Extracted information >>
Content starts

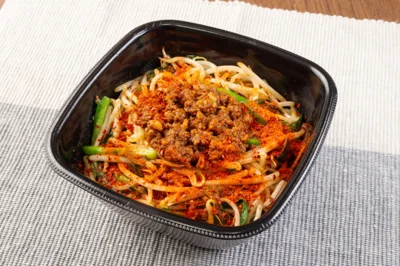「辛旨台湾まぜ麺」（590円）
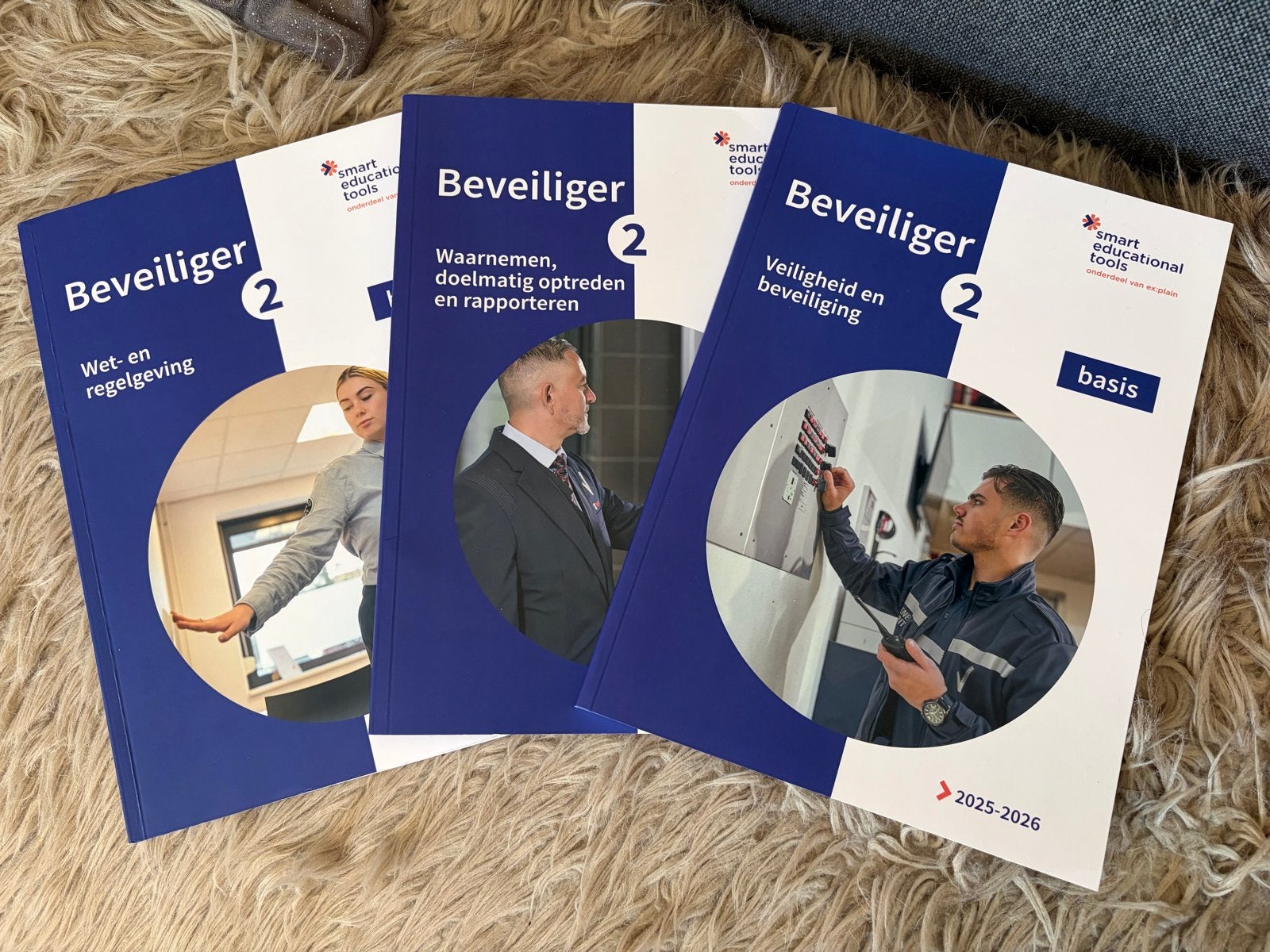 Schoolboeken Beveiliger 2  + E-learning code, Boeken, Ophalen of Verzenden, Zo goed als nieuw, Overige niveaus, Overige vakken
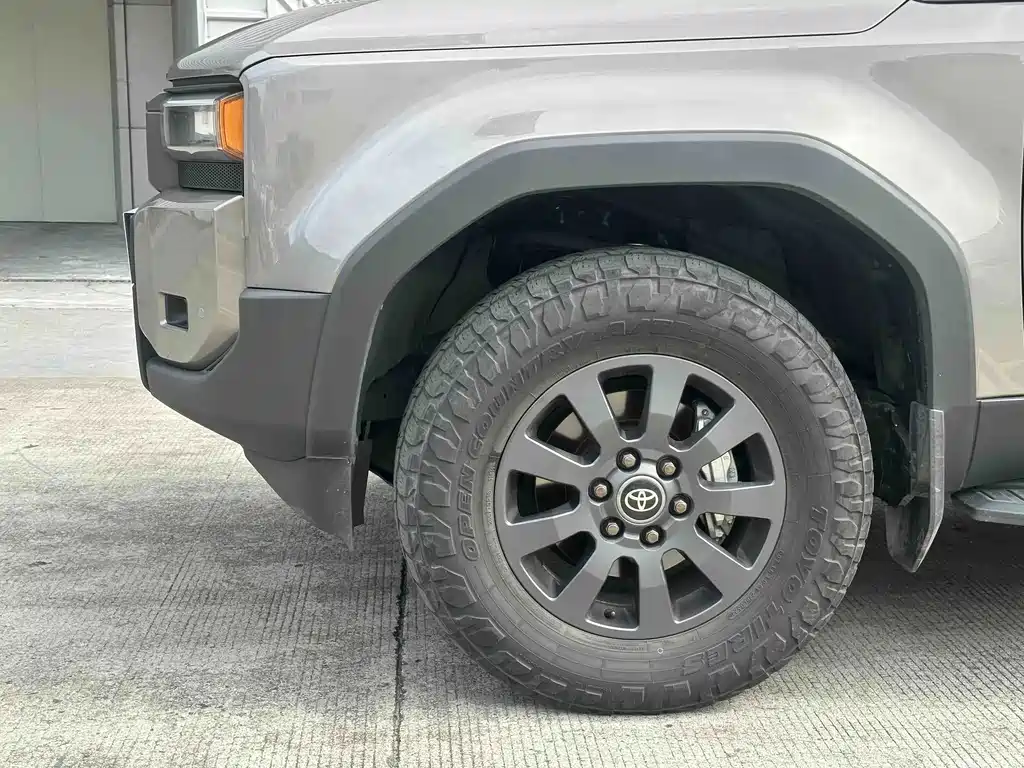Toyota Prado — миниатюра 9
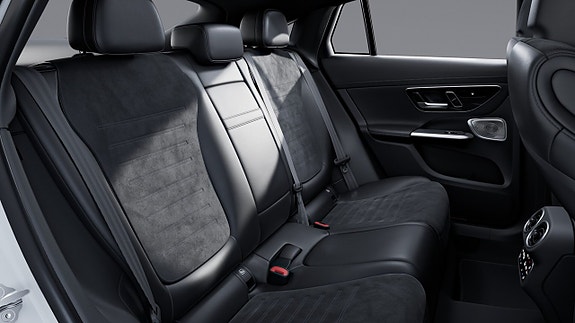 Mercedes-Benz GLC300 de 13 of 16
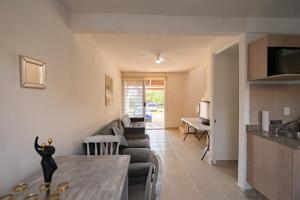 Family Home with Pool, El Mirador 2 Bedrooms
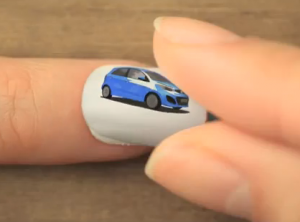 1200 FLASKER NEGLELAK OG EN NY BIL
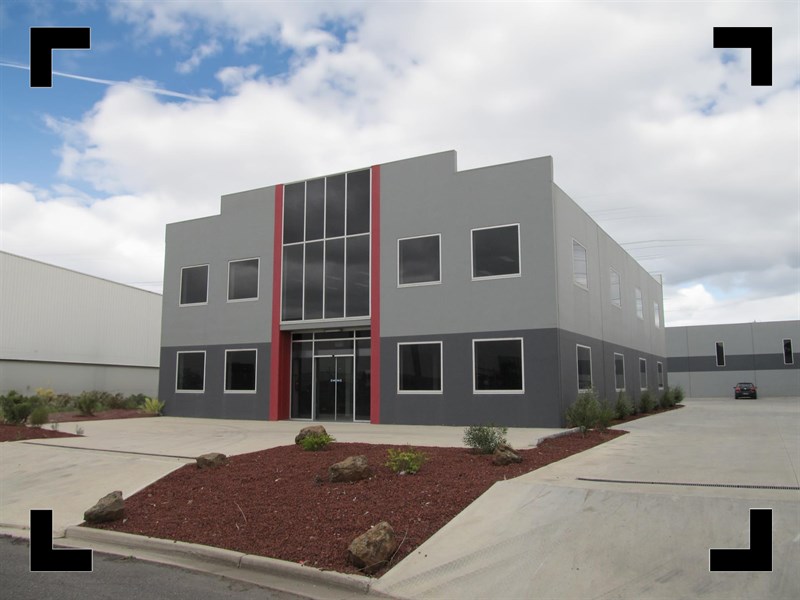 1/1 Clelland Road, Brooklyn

Content ends
Content starts

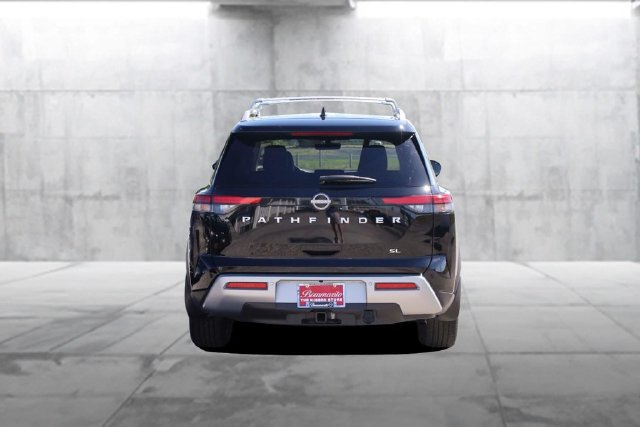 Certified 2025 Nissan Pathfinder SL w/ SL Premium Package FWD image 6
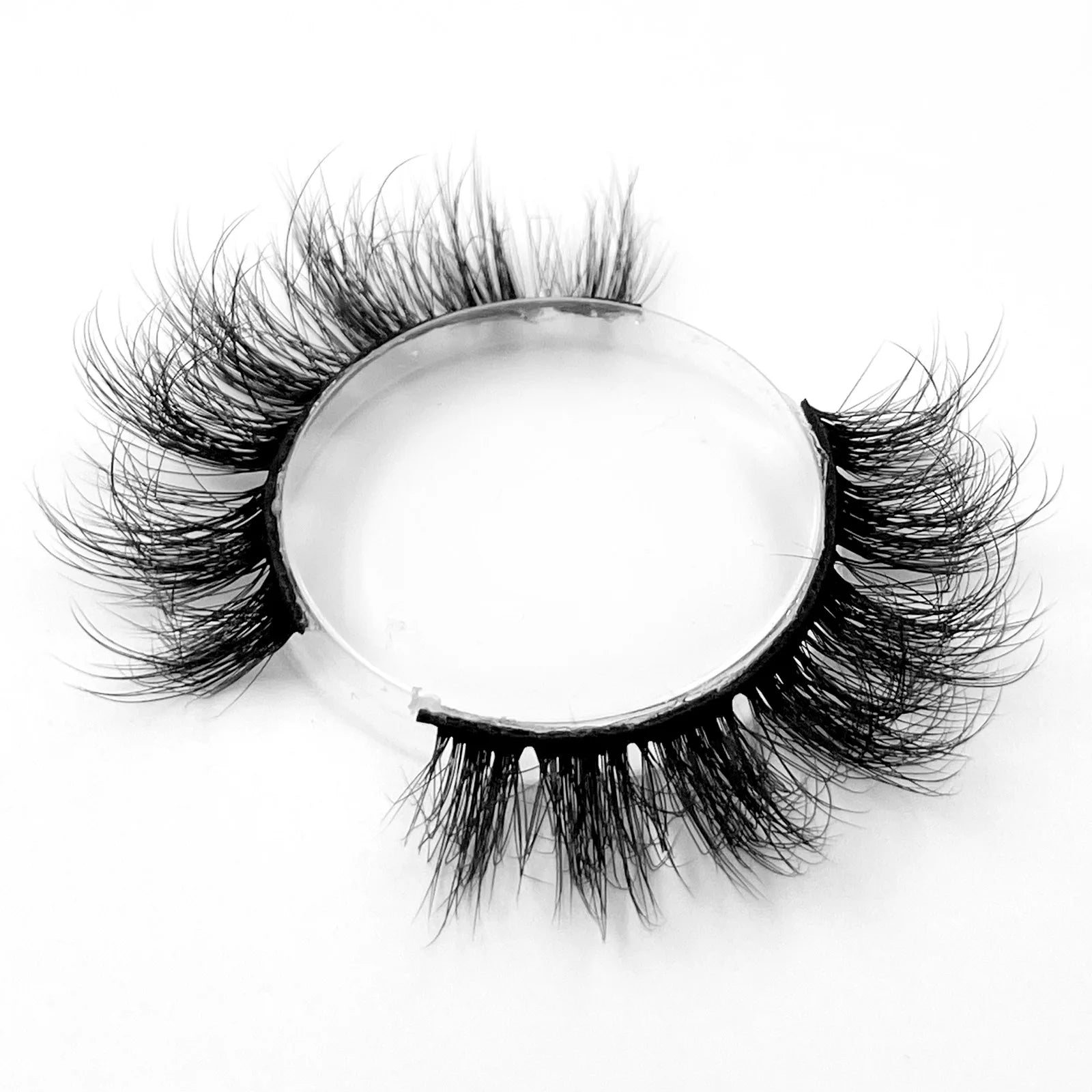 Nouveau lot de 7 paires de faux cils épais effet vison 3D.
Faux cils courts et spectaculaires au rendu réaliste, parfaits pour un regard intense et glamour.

Content ends

Copy nothing but the lines above that run from the one with "Schoolboeken Beveiliger 2" to the one with "1/1 Clelland Road, Brooklyn", ends included; pictures stay out.

Expected answer >>
 Schoolboeken Beveiliger 2  + E-learning code, Boeken, Ophalen of Verzenden, Zo goed als nieuw, Overige niveaus, Overige vakken
Toyota Prado — миниатюра 9
 Mercedes-Benz GLC300 de 13 of 16
 Family Home with Pool, El Mirador 2 Bedrooms
 1200 FLASKER NEGLELAK OG EN NY BIL
 1/1 Clelland Road, Brooklyn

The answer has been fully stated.